■ What to do
The answer must be every line of the data that holds the word "from".

# # # #

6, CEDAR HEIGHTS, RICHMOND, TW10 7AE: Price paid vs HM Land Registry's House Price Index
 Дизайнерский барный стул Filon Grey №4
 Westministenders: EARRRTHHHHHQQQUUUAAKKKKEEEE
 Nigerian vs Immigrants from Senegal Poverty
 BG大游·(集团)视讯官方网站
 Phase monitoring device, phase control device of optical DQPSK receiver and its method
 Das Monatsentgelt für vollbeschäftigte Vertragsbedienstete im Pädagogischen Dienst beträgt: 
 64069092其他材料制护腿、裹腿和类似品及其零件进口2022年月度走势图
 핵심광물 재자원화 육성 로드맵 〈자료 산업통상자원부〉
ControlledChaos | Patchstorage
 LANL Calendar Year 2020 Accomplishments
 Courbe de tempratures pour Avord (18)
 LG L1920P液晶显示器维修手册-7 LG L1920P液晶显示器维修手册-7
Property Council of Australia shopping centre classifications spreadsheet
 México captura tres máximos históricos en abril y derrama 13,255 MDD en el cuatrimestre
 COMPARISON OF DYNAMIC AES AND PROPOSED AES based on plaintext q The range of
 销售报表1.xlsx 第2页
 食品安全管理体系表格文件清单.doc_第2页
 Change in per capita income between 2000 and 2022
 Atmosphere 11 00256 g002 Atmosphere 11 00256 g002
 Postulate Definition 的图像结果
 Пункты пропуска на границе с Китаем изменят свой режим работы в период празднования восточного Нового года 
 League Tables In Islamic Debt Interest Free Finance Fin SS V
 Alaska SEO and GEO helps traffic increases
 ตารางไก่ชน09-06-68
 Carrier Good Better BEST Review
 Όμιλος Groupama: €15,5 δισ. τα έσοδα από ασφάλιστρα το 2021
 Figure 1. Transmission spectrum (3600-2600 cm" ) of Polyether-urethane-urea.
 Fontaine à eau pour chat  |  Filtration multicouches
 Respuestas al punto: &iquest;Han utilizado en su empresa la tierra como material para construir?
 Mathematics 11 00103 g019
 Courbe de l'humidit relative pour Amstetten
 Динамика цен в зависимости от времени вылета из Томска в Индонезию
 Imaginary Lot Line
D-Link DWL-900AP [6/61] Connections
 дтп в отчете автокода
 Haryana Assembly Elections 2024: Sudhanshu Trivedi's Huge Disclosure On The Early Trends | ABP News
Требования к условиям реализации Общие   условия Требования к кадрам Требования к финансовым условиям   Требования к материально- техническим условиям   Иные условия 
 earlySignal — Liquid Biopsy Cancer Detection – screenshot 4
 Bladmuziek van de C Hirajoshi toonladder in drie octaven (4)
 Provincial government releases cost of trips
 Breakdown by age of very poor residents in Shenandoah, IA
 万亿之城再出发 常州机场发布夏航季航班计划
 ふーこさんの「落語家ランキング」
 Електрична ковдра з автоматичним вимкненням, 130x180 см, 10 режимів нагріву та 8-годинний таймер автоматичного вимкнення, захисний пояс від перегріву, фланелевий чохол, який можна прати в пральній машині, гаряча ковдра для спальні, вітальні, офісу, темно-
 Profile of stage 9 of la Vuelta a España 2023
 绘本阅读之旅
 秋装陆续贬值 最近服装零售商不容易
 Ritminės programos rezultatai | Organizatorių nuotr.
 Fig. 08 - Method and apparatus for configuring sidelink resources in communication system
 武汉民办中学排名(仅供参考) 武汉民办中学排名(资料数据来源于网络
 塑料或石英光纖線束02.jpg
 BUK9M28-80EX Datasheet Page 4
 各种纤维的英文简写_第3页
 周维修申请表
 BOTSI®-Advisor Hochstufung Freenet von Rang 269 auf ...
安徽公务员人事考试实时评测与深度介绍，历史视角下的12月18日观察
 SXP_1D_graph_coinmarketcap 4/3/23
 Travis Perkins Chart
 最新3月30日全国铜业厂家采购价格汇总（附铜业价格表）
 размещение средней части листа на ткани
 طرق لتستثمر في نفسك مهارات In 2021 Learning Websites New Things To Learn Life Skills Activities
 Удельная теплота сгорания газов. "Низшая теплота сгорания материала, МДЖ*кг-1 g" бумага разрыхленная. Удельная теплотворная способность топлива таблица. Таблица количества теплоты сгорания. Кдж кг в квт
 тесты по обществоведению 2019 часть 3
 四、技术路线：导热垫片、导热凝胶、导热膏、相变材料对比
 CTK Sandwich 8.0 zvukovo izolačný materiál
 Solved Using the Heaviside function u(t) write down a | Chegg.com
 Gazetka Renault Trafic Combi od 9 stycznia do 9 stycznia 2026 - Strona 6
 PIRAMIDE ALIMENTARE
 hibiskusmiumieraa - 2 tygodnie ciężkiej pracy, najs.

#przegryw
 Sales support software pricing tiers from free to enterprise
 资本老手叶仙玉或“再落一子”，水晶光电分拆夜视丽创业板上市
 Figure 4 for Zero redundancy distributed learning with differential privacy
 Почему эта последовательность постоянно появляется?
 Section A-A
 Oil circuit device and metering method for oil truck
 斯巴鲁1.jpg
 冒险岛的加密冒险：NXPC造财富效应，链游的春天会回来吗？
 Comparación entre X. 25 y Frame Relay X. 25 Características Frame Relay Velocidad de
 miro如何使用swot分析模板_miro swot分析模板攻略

# # # #

■ The answer
 Nigerian vs Immigrants from Senegal Poverty
 Sales support software pricing tiers from free to enterprise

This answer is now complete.